There is no special limit of 25 possible keys.

The keyspace is essentially infinite, because of 2 things:

1 you don't have to worry about control bytes (aka "binary")

2 unicode

rot13 using 1/2 of the 26 letter English a-z alphabet is just an arbitrary limit for visual appearance and limitation of the channel in bbs/newsgroup posts.

Things like rot18 and rot47 already widen the alphabet significantly up from 26 to include numbers, punctuation, and more of the "printable" ascii from 0-127, while still avoiding control bytes like null etc.

But this example is using rot13 in a channel passing binary data already, so there is no point avoiding the control bytes like null etc.

So without going to unicode the limit would already be 255.

But the alphabet, and thus the key space, is practically infinite with unicode.

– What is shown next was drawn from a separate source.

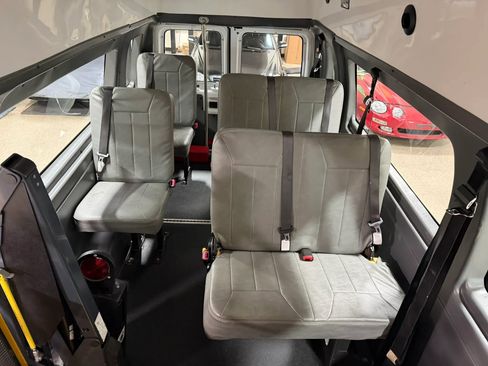 Used 2014 Ford E-250 and Econoline 250 Extended w/ Power Group image 36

Merely your bandwidth goes down when you get to say, 16 encoded bytes per plaintext byte.

In fact, you don't even need to bother 'rotating' anything, you can just pick a random number anywhere from 1 to the zillions, and simply add that number to the plaintext values and subtract from the ciphertext. Rather than rotating, it's just transposing, but that's all rotating is anyway.

You don't even need to install any package like bsdgames either. You can do the encode/decode directly in bash, not even very many lines.

Where does the keyspace come from? rot13 has no keys.

Of course you could do rot2 - rot24 and all the other combinations. Is that were the factor 25 comes from?

The deep inspection needs to look only at the first couple of bytes of each new a TCP connection. So it's not that disrupting. After 2 bytes you can already skip for a vast fraction of other traffic.

You'r right, the rot13 command is a shell wrapper around: ` exec /usr/bin/caesar 13 "$@" ` Forcing the key to be 13. You can obviously invoke /usr/bin/caesar with any of the 25 keys.
The underlying tool (caesar) will infer the key if you forget to pass it in. It does so without brute forcing.

Applying this to DPI wouldn't be too bad.